Gordon Patriarca was born into a family that loved music – dad was a jazz / blues buff and mom played piano and show tunes.
Then along came the transistor radio! Gordon and his brother were inseparable from these new portable devices as the Top 40 sounds of WLS and WCFL in Chicago became the soundtrack of their childhood.
When Gordon was in 8th grade, a friend from Ireland with older brothers introduced him to Rory Gallagher and Taste, Jethro Tull, John Mayall, Cream, Led Zeppelin, and much of the great British blues rock of the era. By the time he entered high school, Gordon was in love with the music, however had yet to pick up a bass. That was about to change soon…
His younger brother was excelling with guitar lessons, and Gordon – fired up by Jack Bruce’s incendiary musicianship – decided that playing bass would be “cool.” A neighbor kid owned a Montgomery Ward’s bass and amp that he loaned to Gordon, and he and his brother would spend hours playing 12-bar blues progressions.
Eventually Gordon got bass, a cherry red Epiphone Newport, and joined a band with his brother while taking lessons from a pro – Paul Zibits. Gordon’s high school graduation gift was ’76 Fender Jazz bass.
Circa 1979-80, Gordon honed his craft with Trouts, which was in the Elvis Costello / Squeeze / Joe Jackson bag: melodic and hooky.
At this point, Bruce Thomas (Elvis Costello & The Attractions) became a huge influence.
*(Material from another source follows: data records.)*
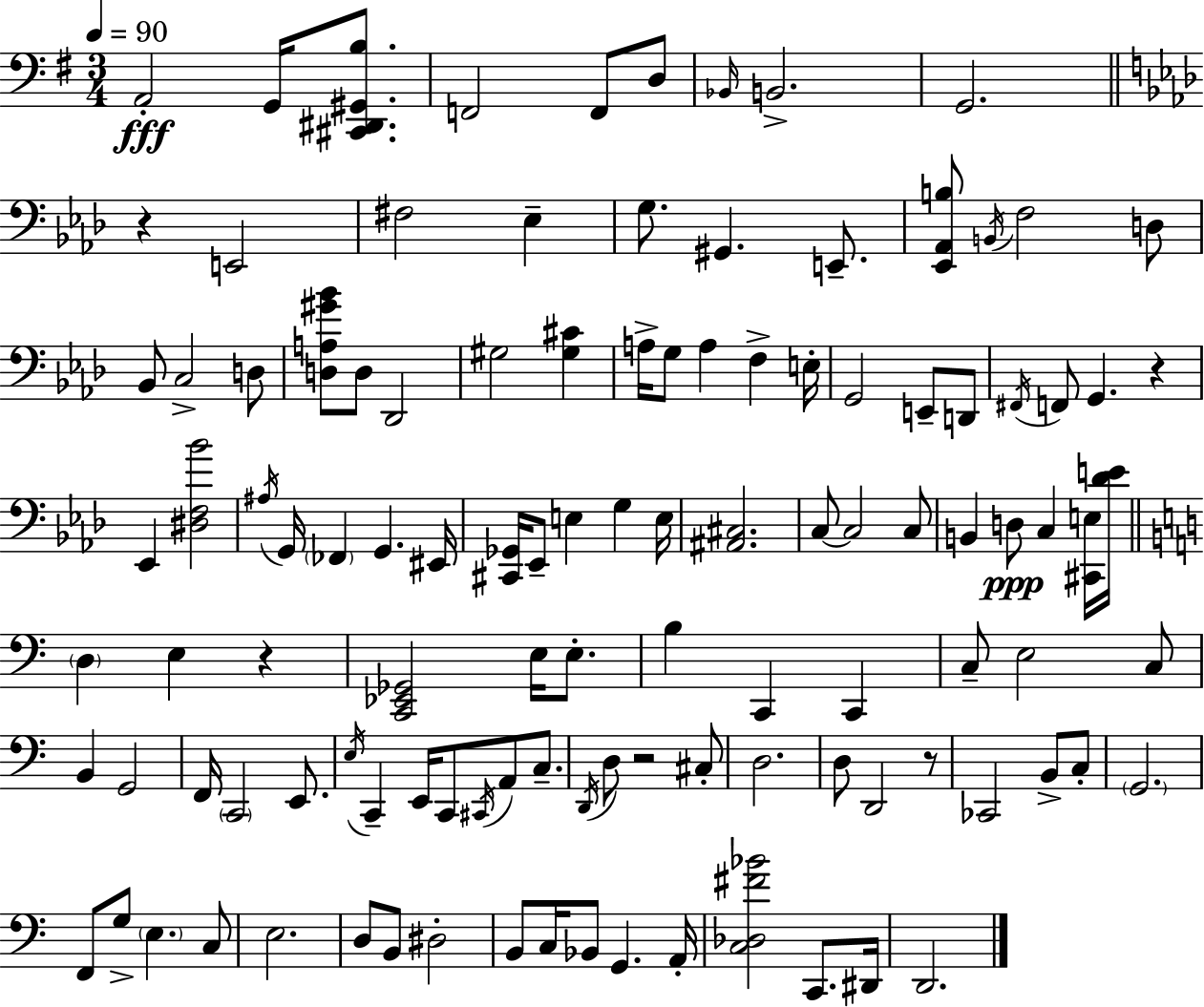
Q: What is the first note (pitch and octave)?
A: A2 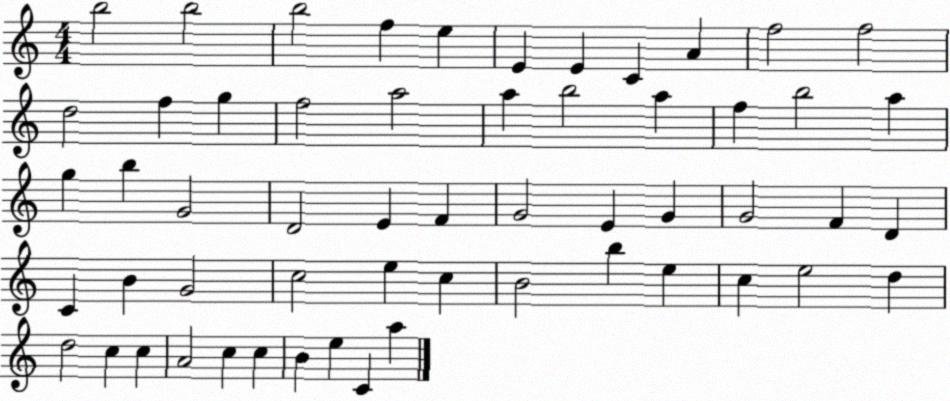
X:1
T:Untitled
M:4/4
L:1/4
K:C
b2 b2 b2 f e E E C A f2 f2 d2 f g f2 a2 a b2 a f b2 a g b G2 D2 E F G2 E G G2 F D C B G2 c2 e c B2 b e c e2 d d2 c c A2 c c B e C a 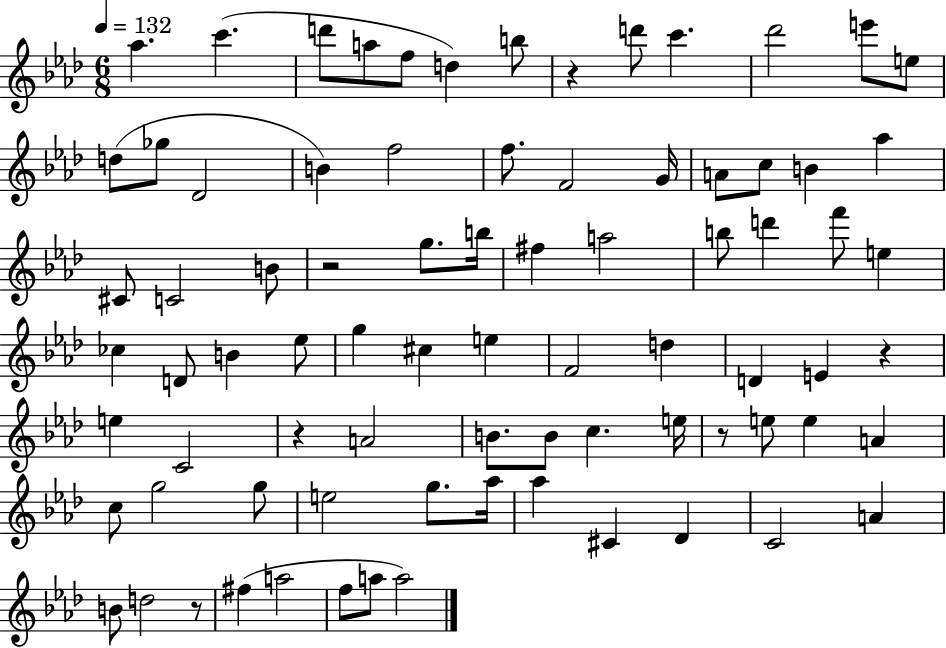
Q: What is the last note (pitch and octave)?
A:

Regulars on the local circuit, Trouts lasted for three years.
Following Trouts, Gordon took on a rockabilly gig with Stevie Starlite’s band, followed by a blues-rock-fusion gig with Don Griffin and the Griff Band. Gordon then spent five years with The Remainders, a band that started out as a Cajun / Zydeco / New Orleans style band which morphed into an Americana / roots-rock/ pop band which released a cassette and CD.
After his tenure in The Remainders, Gordon was back on the local club circuit, and busy in the studio appearing on over forty releases. His many studio credits include albums with Yardsale and Word Bongo, Joe Pug, Kelley McCrae and Sage Francis, also recording sessions at Abbey Road Studio with Icos. Gordon also anchored European tours and recorded with Jan James.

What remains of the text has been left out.